PROBLEM TO SOLVE =>
Across the entries below, tally every line that holds the word "portrait". Give only the tally.

DATA PROVIDED =>
==================================================

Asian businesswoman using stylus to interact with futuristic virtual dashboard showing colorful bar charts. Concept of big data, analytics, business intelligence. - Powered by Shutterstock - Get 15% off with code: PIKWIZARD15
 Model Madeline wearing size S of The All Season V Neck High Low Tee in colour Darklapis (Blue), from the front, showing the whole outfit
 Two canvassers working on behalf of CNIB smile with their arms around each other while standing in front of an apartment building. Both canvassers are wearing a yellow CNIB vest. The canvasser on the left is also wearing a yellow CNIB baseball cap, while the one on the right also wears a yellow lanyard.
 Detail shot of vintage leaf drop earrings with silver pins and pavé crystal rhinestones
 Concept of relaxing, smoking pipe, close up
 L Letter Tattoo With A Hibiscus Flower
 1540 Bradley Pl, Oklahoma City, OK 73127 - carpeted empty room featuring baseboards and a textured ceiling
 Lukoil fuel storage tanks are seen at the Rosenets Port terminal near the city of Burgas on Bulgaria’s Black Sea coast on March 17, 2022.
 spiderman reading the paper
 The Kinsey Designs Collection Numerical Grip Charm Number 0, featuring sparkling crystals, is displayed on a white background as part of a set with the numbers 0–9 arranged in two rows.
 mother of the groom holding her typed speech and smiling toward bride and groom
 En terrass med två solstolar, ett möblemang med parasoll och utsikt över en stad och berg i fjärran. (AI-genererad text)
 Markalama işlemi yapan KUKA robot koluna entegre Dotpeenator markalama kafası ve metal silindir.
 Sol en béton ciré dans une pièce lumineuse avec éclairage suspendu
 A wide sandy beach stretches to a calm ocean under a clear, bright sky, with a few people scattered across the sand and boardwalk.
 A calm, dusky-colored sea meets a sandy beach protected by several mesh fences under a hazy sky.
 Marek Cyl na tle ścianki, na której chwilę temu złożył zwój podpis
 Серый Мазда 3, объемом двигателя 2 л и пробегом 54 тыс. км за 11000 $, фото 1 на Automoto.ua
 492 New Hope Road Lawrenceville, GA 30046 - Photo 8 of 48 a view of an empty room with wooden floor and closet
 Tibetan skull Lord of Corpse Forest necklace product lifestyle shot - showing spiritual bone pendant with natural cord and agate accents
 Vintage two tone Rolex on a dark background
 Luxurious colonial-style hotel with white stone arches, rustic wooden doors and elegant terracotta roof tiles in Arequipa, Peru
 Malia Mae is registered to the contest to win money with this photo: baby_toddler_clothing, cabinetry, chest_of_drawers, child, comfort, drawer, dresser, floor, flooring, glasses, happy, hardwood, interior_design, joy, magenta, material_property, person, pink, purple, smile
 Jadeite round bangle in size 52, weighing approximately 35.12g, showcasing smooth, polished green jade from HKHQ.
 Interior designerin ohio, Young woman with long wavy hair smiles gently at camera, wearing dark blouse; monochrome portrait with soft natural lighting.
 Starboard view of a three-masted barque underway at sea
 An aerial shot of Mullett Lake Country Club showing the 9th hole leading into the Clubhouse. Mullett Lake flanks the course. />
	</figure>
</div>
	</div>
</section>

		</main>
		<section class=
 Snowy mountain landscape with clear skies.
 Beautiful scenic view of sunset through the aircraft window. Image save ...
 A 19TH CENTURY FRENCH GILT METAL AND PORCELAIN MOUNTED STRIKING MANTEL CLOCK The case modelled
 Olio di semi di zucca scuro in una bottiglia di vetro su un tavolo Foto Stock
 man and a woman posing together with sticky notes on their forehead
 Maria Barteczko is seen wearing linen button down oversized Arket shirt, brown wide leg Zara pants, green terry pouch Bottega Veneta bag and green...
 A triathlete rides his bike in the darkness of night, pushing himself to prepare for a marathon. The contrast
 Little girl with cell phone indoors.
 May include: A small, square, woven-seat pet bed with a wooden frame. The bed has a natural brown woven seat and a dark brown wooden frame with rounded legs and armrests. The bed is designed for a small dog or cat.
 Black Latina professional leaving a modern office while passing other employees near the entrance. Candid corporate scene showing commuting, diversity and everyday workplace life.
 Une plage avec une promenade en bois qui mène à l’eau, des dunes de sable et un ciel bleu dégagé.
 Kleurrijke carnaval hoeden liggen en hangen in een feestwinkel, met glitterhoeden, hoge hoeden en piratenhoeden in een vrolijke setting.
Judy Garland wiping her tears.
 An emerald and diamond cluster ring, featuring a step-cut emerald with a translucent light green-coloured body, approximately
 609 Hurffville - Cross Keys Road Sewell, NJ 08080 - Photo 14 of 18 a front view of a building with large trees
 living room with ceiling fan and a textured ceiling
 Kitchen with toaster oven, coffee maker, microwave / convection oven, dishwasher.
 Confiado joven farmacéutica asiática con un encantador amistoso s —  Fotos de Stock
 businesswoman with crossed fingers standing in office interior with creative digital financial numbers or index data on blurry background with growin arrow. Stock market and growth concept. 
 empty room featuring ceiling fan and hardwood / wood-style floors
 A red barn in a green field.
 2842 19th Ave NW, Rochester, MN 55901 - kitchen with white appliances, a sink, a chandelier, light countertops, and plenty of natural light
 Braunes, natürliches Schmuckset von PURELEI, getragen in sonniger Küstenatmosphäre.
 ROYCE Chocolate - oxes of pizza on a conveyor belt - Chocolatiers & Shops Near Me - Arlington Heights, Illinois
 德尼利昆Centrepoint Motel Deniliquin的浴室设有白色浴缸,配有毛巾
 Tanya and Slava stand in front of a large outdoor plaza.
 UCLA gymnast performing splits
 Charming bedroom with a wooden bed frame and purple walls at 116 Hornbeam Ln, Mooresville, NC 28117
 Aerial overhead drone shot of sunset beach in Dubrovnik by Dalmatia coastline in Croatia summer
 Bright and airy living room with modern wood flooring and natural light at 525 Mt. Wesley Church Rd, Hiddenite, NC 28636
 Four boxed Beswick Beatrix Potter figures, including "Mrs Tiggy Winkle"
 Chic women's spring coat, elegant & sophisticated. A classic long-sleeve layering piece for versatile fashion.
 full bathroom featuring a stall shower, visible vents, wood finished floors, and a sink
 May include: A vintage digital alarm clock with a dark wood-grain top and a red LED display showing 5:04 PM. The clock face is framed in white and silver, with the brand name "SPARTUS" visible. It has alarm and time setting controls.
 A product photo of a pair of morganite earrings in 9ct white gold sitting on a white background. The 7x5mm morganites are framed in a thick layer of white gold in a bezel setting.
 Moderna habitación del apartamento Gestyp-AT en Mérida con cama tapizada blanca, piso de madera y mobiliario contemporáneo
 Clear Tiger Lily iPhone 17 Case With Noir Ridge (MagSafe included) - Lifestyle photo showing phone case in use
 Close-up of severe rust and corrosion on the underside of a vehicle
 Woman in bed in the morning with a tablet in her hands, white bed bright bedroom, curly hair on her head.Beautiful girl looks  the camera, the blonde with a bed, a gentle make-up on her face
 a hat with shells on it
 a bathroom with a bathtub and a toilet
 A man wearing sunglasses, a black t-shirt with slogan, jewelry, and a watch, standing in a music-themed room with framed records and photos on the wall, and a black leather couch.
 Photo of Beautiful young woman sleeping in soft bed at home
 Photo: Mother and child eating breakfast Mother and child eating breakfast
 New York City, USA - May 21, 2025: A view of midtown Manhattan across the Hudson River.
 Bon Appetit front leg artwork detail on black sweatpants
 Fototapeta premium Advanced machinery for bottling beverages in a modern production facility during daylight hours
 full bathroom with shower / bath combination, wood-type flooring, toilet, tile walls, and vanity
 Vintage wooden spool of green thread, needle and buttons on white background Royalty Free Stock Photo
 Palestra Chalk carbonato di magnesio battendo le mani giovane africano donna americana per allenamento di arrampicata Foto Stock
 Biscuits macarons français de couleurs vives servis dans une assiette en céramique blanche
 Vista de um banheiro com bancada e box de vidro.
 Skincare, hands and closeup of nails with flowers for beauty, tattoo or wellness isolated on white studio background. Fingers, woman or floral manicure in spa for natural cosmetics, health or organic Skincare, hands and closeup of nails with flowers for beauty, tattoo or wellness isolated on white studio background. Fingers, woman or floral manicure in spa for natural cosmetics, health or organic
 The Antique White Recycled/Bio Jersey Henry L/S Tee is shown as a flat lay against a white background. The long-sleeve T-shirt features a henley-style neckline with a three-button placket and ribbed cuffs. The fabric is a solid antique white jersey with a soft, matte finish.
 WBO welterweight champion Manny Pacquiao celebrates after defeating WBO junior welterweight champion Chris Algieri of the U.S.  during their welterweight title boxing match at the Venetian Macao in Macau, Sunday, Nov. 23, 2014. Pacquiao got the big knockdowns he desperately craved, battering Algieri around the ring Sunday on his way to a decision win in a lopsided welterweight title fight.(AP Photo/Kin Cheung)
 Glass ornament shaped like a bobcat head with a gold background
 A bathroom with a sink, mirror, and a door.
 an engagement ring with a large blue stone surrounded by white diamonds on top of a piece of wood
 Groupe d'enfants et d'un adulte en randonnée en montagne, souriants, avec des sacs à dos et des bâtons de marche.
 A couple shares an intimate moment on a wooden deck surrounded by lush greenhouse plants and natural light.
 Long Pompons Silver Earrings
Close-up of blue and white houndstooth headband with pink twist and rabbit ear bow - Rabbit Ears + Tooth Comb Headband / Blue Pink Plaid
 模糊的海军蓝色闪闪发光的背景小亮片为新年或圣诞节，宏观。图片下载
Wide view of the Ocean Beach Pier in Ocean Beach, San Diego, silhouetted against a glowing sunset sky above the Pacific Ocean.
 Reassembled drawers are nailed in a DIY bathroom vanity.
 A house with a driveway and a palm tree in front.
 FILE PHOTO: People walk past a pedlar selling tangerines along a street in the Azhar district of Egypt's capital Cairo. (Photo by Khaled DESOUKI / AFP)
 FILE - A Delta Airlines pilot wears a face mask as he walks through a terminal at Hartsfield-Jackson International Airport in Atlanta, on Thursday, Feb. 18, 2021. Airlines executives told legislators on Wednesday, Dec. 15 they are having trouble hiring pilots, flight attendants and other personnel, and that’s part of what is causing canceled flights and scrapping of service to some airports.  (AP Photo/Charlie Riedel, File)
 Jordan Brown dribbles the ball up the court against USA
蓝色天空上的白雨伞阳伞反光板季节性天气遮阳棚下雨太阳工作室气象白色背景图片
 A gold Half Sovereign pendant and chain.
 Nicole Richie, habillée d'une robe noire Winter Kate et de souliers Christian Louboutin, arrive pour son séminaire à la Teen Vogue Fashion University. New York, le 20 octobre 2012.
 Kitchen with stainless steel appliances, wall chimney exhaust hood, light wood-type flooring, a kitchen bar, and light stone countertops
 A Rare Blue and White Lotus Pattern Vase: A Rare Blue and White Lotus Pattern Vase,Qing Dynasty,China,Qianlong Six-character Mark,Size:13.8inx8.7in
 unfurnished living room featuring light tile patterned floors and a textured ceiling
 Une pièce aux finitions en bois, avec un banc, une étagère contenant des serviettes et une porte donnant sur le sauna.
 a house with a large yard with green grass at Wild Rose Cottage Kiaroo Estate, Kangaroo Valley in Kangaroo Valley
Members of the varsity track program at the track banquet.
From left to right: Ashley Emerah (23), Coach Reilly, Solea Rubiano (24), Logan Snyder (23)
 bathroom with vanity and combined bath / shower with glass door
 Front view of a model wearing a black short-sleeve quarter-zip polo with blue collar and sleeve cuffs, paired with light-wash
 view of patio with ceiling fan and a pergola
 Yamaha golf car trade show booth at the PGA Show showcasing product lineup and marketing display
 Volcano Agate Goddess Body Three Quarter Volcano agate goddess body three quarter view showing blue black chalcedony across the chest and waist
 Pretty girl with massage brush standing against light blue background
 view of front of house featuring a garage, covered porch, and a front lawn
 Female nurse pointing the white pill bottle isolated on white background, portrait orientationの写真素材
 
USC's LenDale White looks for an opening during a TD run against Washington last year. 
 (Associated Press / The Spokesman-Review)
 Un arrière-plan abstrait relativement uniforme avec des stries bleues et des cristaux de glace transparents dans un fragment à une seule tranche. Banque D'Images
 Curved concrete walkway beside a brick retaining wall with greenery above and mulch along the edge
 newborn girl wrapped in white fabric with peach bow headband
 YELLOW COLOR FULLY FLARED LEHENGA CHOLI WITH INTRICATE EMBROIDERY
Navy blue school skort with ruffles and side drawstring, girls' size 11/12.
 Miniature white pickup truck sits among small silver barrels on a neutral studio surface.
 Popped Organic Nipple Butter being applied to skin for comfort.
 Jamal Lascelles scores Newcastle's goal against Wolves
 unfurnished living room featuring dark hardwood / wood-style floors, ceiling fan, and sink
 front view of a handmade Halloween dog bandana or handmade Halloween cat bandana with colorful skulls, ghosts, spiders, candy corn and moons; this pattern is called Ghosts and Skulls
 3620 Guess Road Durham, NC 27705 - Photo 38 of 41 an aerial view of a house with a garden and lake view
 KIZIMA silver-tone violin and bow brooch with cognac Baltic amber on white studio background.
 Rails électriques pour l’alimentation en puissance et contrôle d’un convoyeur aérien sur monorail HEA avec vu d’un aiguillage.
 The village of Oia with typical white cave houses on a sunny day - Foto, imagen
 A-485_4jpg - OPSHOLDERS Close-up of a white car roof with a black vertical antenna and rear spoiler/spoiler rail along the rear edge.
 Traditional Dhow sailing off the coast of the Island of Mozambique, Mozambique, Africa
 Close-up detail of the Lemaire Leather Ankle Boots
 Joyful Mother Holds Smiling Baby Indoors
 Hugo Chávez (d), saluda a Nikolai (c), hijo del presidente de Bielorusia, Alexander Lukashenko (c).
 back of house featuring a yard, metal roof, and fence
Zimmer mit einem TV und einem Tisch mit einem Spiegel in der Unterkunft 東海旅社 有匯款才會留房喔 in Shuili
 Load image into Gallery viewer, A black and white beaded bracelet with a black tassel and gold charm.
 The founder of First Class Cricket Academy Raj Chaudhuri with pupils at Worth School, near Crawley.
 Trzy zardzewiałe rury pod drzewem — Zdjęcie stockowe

==================================================

TASK OUTPUT =>
2